This summer both the board and Arsene have said there is money to spend on players if Arsene wants to spend it. He didn’t want to spend it. So are we better off having £25m of our own that we don’t spend and being The Arsenal or having £100m of Usmanov’s money and not spending it and being Arseski?
I can’t even begin to tell you how opposed I am to this. I’m never going to tell you what you should think. I’ve never done it in the past and I’m not starting now. I’m just telling you that if this group takes over Arsenal Football Club then we lose so much of what we are. Tradition, values, integrity, history - all these go by the wayside if we allow ourselves to become another Chelsea. All it means is that David Dein is our Peter Kenyon. Man, isn’t that something to think about? Dein might be the front man but money will still be Russian. Slag off Chelsea then, why don’t you?
‘But what about trophies and success?’, you say. But we’ve been over the money situation. Arsene will only spend what Arsene wants to spend and frankly a football club is about more than winning trophies. There’s a way of doing business, a way of conducting yourself, a way of setting an example - which Arsene illustrated so wonderfully in the article the other week about the players helping the Treehouse charity and how the club had a social responsibility. It made better men of the players doing things like that. What the fuck does a Russian oligarch know about social responsibility?
So, if you want to see David Dein as knight in shining shitey armour you go right ahead. That’s entirely your right and fair play to you. If you want to come on this site and leave comments about how you support David Dein then that’s perfectly fine too. After each blog the floor is handed over to you and keep it going all day. There’s no censorship (apart from idiot Sp*rs fans now and again). I’m just putting it in black and white right now, I hate the idea of them controlling Arsenal. Hate it. These people are not representative of what Arsenal is to me.
We can just hope that the idea of this takeover solidifies the current board’s stance against it. Keith Edelman speaks here about how investment is not needed and that the club’s financial results will prove it. He talked about the transfer budget (which appears to be the most important thing for some people), saying:
We have ample cash resources for the manager to invest in the team and the squad. The manager caught his targets this year well within his budgets, which means his budgets will be increased next year.
But Oligarch bring more money. Me want more money. Now we just have go through more ‘Arsenal at war’ and ‘Arsenal in crisis’ headlines when we should be talking about the football.

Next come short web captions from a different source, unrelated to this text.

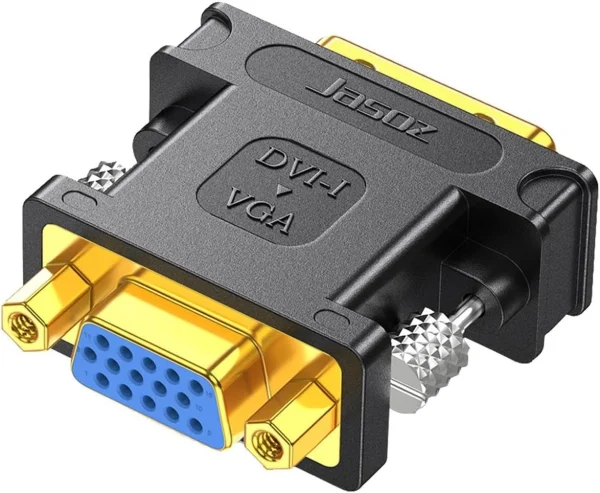 Đầu chuyển DVI 24+5 sang VGA Jasoz T-G157, cổng DVI-I male sang VGA female, đầu cắm mạ vàng chống oxy hóa, truyền hình ảnh Full HD 1080p.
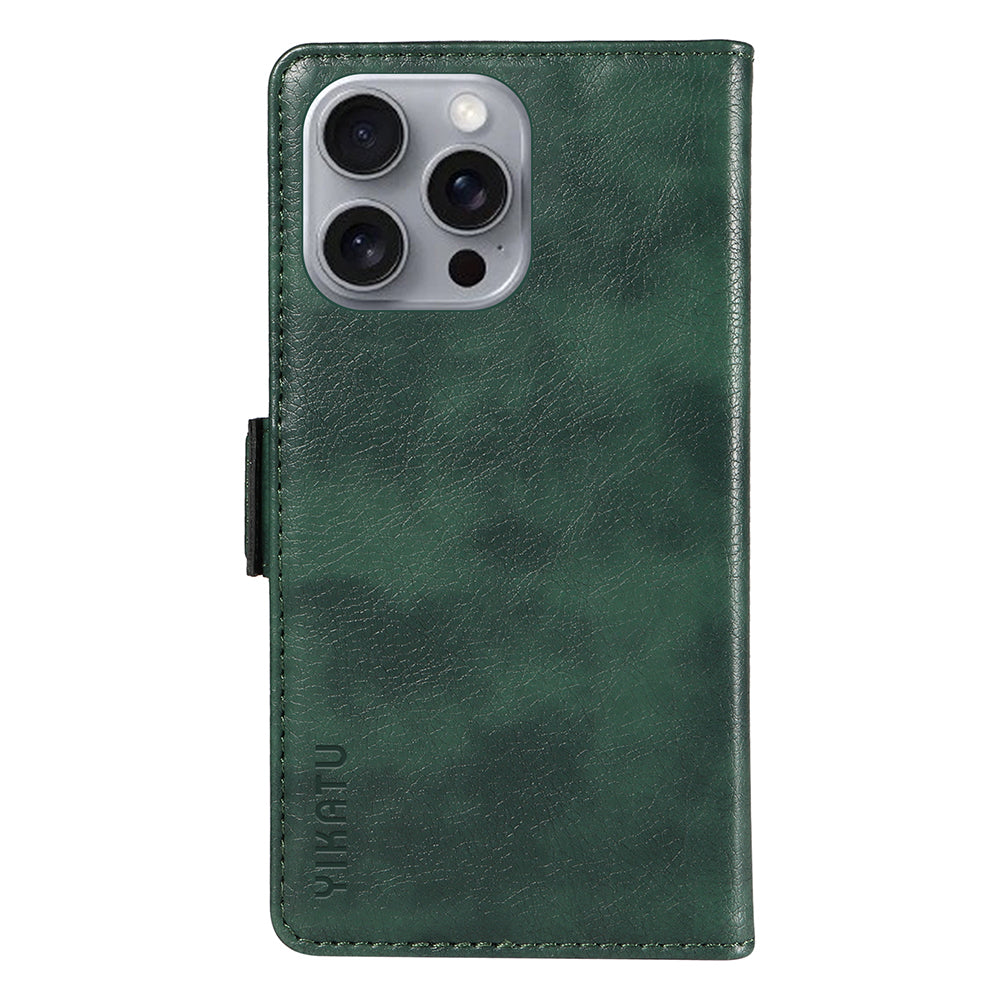 YIKATU YK-007 For iPhone 16 Pro Max Case Litchi Texture Leather Phone Cover with Wallet Stand - Green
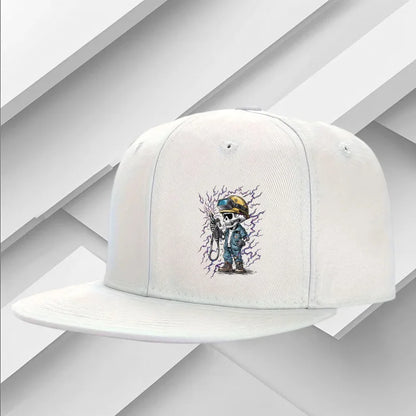 Electrician Skull Graphic Adjustable Snapback Cap
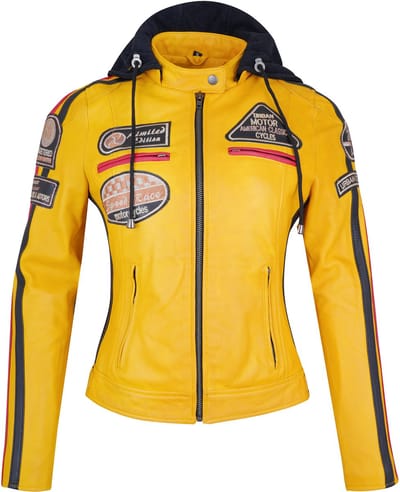 Urban 5884® Gele Dames Leren Bikerjas – Model 58 – Echt Lamsleer – Hoodie – Maat S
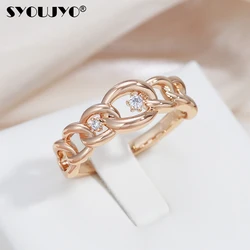 SYOUJYO 585 Gold Color Curb Chain Rings For Women Cubic Zircon Daily Jewelry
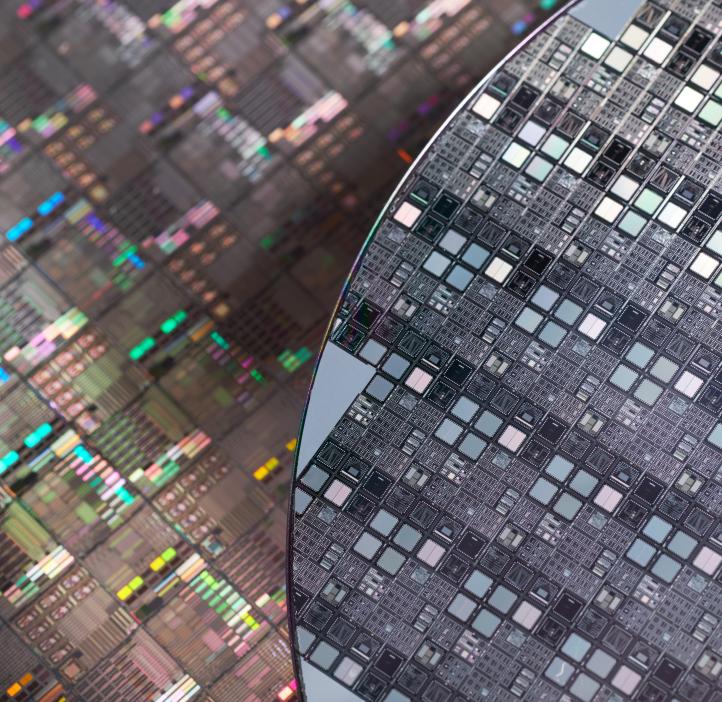 Macro image of Silicon wafers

Nice one, Mr Orange.
Further reaction
Henry Winter in the Telegraph,
Arsenal at War in the Mail,
First blow in a bloody battle - David Bond,
Goodplaya on Dein’s ego vs Arsenal ,
Hypocritical Dein cannot be trusted - Gunnerblog
Dein sells Arsenal down the river - Goonerboy
Speaking of football (at last, thank fuck) the draw of the Champions League group stages was made. It was a nice draw too as we got Sevilla or AEK Athens (they play on Monday in a game that was suspended due to the death of Antonio Puerta), Slavia Prague and Steau Bucharest. To be fair that really is quite handy and some nice trips there for the traveling Gooners.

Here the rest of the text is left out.